• _RECORD EXCERPTS_

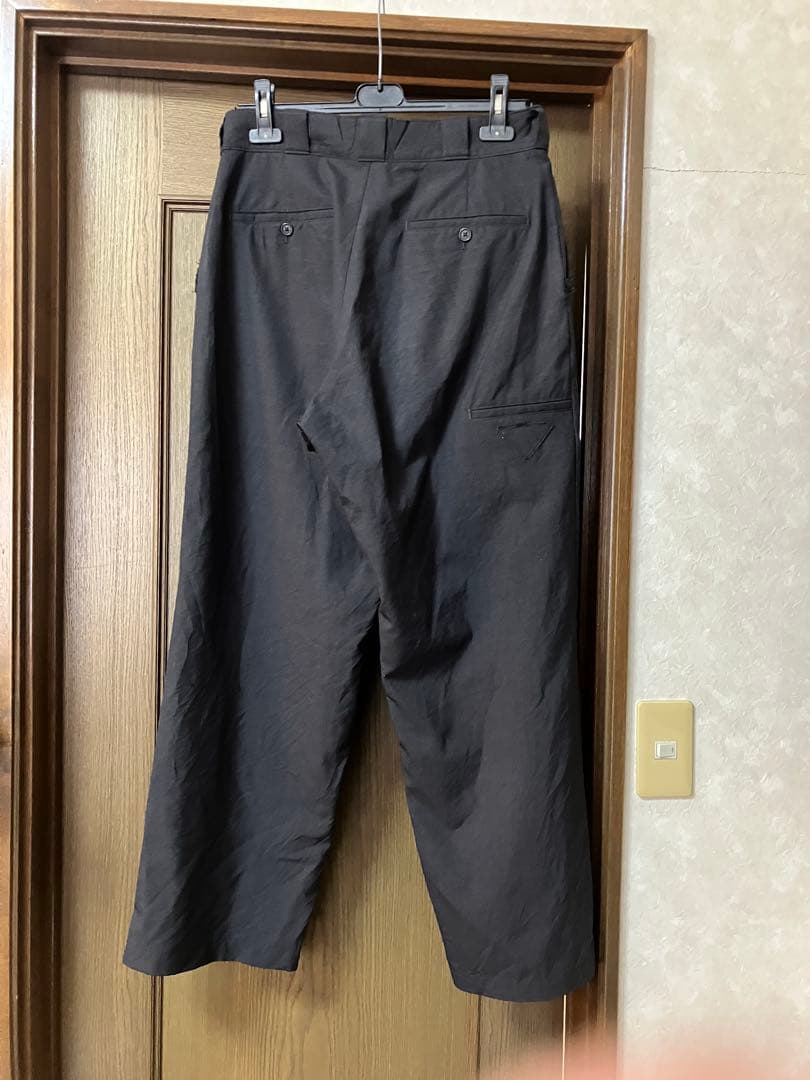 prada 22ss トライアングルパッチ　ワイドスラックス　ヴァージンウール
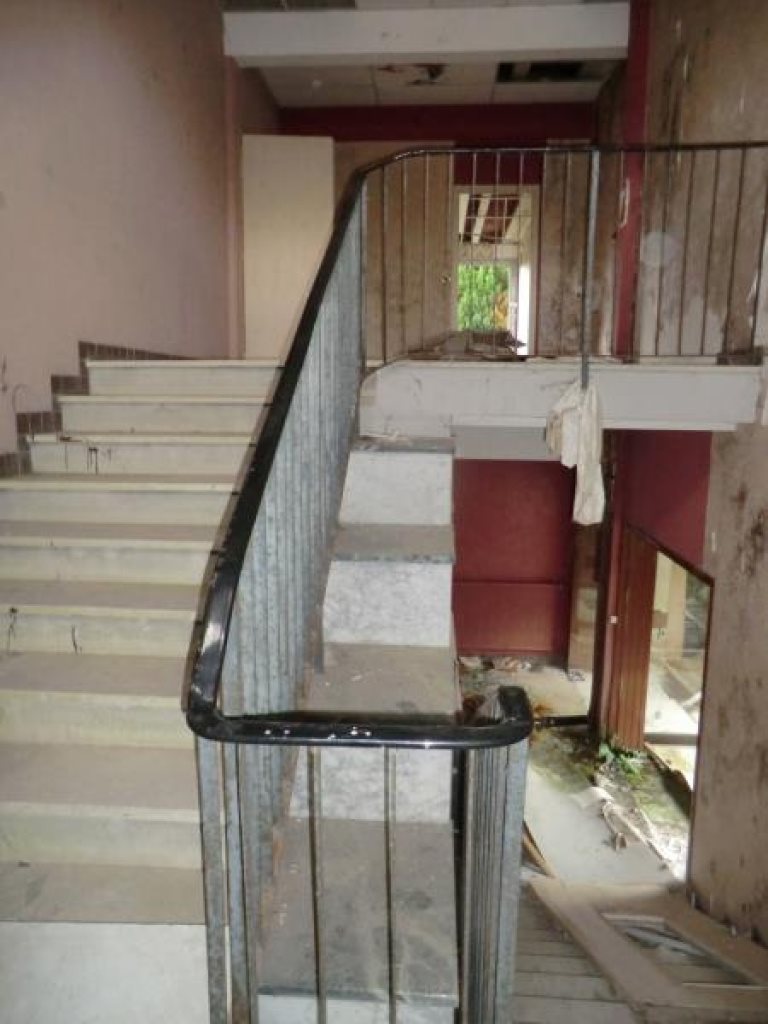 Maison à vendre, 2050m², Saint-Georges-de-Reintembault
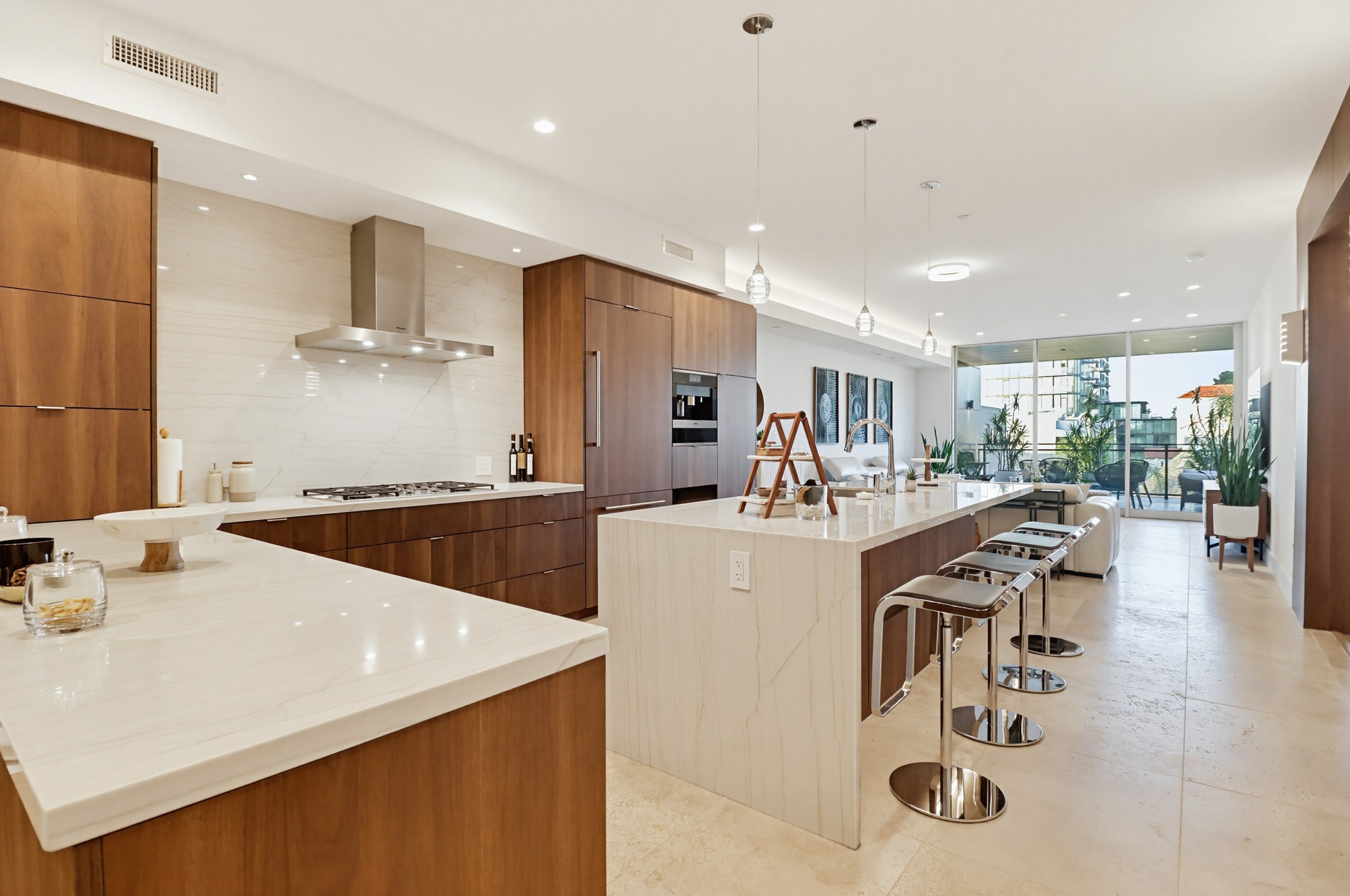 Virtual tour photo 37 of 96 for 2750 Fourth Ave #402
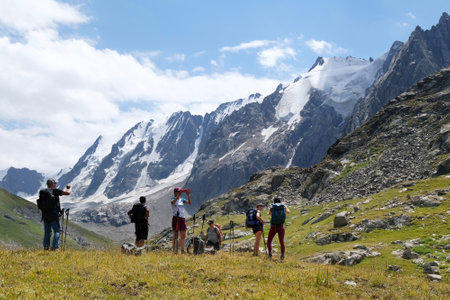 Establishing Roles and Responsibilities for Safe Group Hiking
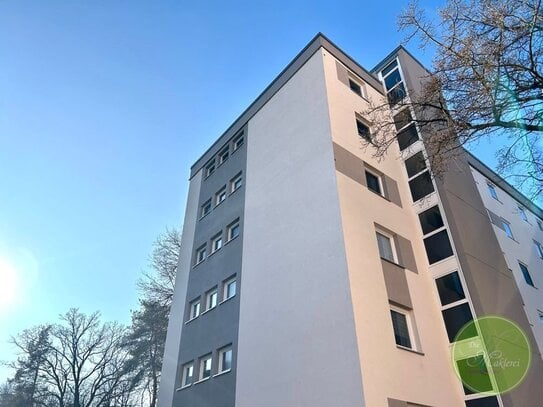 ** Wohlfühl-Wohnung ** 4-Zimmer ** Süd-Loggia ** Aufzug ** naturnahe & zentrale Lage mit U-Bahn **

• _TASK STATEMENT_
Skipping every picture, reproduce the records word for word.

• _RESPONSE TO THIS TASK_
 prada 22ss トライアングルパッチ　ワイドスラックス　ヴァージンウール
 Maison à vendre, 2050m², Saint-Georges-de-Reintembault
 Virtual tour photo 37 of 96 for 2750 Fourth Ave #402
 Establishing Roles and Responsibilities for Safe Group Hiking
 ** Wohlfühl-Wohnung ** 4-Zimmer ** Süd-Loggia ** Aufzug ** naturnahe & zentrale Lage mit U-Bahn **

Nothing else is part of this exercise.